**Given entries:**
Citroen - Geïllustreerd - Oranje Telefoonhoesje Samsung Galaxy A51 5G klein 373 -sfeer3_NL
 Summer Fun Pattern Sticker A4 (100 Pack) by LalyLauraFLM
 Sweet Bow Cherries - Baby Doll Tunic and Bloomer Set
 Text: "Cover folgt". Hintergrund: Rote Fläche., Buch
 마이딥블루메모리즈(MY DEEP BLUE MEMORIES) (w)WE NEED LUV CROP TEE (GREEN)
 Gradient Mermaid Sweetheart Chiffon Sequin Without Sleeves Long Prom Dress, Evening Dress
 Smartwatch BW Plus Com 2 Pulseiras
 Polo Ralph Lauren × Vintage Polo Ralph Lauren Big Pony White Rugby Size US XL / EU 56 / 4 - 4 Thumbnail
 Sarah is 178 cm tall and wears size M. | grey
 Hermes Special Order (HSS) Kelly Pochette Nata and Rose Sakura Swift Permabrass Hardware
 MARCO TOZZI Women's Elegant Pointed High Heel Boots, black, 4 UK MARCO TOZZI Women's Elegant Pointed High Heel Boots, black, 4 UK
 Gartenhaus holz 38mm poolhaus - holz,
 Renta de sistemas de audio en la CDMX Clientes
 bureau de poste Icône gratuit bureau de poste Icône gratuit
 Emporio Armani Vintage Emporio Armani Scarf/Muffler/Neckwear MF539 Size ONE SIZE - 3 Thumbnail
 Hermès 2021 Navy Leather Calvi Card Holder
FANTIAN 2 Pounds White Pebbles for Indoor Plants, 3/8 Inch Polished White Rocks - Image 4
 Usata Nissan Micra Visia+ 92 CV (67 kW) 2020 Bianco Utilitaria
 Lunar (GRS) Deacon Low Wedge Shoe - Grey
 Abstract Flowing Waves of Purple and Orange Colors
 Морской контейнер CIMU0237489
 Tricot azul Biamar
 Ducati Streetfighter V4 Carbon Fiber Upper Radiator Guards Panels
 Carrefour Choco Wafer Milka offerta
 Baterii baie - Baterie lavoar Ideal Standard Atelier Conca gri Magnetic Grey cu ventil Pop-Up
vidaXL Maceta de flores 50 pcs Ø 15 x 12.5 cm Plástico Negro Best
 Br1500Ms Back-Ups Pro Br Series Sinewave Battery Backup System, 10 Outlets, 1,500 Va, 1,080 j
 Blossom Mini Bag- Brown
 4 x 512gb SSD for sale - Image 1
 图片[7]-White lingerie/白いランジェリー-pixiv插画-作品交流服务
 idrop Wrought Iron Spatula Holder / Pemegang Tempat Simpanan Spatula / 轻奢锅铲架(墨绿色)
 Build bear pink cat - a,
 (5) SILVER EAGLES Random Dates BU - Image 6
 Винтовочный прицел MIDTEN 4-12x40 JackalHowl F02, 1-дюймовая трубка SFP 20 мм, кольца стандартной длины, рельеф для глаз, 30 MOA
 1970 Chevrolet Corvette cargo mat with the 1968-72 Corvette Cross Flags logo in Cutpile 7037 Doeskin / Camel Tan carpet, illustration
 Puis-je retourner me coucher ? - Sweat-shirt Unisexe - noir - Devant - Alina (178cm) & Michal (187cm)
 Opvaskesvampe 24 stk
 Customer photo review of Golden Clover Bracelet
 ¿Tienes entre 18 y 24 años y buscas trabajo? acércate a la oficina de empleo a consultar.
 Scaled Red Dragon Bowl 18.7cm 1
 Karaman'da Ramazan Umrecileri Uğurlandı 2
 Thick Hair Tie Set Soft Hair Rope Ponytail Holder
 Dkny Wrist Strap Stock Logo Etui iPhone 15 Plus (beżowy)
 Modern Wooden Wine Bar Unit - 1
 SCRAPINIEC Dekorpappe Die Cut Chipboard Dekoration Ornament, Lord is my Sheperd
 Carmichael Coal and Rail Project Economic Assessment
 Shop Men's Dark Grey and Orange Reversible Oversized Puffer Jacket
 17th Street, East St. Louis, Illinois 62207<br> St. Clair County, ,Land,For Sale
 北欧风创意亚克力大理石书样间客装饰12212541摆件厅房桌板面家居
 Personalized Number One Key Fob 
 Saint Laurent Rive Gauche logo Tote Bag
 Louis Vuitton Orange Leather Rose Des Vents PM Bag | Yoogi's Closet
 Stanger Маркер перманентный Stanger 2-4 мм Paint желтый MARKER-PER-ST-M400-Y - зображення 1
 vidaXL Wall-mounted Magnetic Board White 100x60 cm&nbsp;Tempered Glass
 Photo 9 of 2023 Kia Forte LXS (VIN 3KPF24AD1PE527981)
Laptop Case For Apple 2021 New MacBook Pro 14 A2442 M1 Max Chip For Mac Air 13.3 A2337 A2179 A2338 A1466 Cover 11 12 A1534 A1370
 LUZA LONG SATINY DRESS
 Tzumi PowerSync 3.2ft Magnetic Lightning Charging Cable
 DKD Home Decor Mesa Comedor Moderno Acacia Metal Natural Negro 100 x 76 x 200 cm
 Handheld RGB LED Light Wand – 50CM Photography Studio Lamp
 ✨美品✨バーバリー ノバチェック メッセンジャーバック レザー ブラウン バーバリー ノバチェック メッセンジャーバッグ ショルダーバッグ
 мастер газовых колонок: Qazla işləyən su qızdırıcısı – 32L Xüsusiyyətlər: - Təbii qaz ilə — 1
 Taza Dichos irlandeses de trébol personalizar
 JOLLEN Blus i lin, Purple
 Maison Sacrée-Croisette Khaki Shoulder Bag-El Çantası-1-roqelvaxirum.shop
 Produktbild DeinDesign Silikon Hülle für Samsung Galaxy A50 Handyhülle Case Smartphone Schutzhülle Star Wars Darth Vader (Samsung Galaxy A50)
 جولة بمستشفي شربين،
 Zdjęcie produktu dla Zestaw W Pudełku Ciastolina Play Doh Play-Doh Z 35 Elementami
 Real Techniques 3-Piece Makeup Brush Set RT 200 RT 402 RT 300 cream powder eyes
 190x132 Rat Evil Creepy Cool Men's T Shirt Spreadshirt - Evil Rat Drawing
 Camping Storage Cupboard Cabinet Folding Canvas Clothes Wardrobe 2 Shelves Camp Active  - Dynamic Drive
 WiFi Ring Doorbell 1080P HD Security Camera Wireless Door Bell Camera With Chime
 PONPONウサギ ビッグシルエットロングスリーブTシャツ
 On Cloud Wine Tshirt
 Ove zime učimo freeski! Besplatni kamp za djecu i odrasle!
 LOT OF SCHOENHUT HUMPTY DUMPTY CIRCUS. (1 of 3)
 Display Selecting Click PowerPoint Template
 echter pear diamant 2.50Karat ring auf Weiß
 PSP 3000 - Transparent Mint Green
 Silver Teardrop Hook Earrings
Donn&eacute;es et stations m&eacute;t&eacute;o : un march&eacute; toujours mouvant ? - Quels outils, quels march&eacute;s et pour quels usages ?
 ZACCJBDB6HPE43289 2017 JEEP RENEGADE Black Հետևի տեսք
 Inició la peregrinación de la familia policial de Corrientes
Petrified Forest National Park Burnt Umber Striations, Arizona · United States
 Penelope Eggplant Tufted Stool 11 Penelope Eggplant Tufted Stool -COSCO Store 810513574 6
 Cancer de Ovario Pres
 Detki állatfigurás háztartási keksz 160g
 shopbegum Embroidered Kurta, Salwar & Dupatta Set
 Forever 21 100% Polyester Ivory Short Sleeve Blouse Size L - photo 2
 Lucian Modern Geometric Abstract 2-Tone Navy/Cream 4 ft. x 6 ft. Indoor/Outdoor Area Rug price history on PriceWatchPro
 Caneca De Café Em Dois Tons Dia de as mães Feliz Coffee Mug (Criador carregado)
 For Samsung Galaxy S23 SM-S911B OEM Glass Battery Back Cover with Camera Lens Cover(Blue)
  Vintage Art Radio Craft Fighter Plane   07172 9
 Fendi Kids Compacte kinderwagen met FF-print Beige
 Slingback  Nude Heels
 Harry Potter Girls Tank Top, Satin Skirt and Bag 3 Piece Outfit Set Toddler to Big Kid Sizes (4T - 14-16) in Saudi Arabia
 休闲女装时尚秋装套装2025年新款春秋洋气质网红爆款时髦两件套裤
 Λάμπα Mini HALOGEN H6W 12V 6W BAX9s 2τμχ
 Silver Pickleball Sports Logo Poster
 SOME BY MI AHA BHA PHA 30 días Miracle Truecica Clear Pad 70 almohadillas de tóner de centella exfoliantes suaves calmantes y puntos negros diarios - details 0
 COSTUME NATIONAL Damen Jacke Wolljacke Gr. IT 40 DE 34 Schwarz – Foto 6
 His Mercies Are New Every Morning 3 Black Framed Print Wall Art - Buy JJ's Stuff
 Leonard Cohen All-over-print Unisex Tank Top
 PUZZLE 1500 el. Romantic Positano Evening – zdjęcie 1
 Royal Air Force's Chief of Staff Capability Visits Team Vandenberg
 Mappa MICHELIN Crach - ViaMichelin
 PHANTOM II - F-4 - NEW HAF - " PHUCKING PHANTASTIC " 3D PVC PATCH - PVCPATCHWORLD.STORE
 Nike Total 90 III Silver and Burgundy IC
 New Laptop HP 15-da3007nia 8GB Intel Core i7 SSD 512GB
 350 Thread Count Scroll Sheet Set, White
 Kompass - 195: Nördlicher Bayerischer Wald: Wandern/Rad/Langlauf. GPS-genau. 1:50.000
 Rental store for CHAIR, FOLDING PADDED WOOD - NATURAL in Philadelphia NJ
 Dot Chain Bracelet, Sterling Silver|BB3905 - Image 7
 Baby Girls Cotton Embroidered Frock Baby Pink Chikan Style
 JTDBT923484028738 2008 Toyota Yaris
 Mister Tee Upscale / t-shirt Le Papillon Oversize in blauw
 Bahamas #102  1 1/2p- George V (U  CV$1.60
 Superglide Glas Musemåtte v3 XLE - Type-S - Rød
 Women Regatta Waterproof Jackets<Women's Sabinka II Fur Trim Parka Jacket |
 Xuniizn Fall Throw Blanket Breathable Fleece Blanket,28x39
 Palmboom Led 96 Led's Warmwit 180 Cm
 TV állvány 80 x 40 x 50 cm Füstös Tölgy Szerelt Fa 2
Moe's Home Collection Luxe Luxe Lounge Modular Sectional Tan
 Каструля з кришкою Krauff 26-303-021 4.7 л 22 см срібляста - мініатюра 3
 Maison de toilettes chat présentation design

**Exercise brief:**
Scan the listing above for the line that has "UK MARCO TOZZI", then copy exactly from that line through the line that has "Винтовочный прицел MIDTEN".

**Task response:**
 MARCO TOZZI Women's Elegant Pointed High Heel Boots, black, 4 UK MARCO TOZZI Women's Elegant Pointed High Heel Boots, black, 4 UK
 Gartenhaus holz 38mm poolhaus - holz,
 Renta de sistemas de audio en la CDMX Clientes
 bureau de poste Icône gratuit bureau de poste Icône gratuit
 Emporio Armani Vintage Emporio Armani Scarf/Muffler/Neckwear MF539 Size ONE SIZE - 3 Thumbnail
 Hermès 2021 Navy Leather Calvi Card Holder
FANTIAN 2 Pounds White Pebbles for Indoor Plants, 3/8 Inch Polished White Rocks - Image 4
 Usata Nissan Micra Visia+ 92 CV (67 kW) 2020 Bianco Utilitaria
 Lunar (GRS) Deacon Low Wedge Shoe - Grey
 Abstract Flowing Waves of Purple and Orange Colors
 Морской контейнер CIMU0237489
 Tricot azul Biamar
 Ducati Streetfighter V4 Carbon Fiber Upper Radiator Guards Panels
 Carrefour Choco Wafer Milka offerta
 Baterii baie - Baterie lavoar Ideal Standard Atelier Conca gri Magnetic Grey cu ventil Pop-Up
vidaXL Maceta de flores 50 pcs Ø 15 x 12.5 cm Plástico Negro Best
 Br1500Ms Back-Ups Pro Br Series Sinewave Battery Backup System, 10 Outlets, 1,500 Va, 1,080 j
 Blossom Mini Bag- Brown
 4 x 512gb SSD for sale - Image 1
 图片[7]-White lingerie/白いランジェリー-pixiv插画-作品交流服务
 idrop Wrought Iron Spatula Holder / Pemegang Tempat Simpanan Spatula / 轻奢锅铲架(墨绿色)
 Build bear pink cat - a,
 (5) SILVER EAGLES Random Dates BU - Image 6
 Винтовочный прицел MIDTEN 4-12x40 JackalHowl F02, 1-дюймовая трубка SFP 20 мм, кольца стандартной длины, рельеф для глаз, 30 MOA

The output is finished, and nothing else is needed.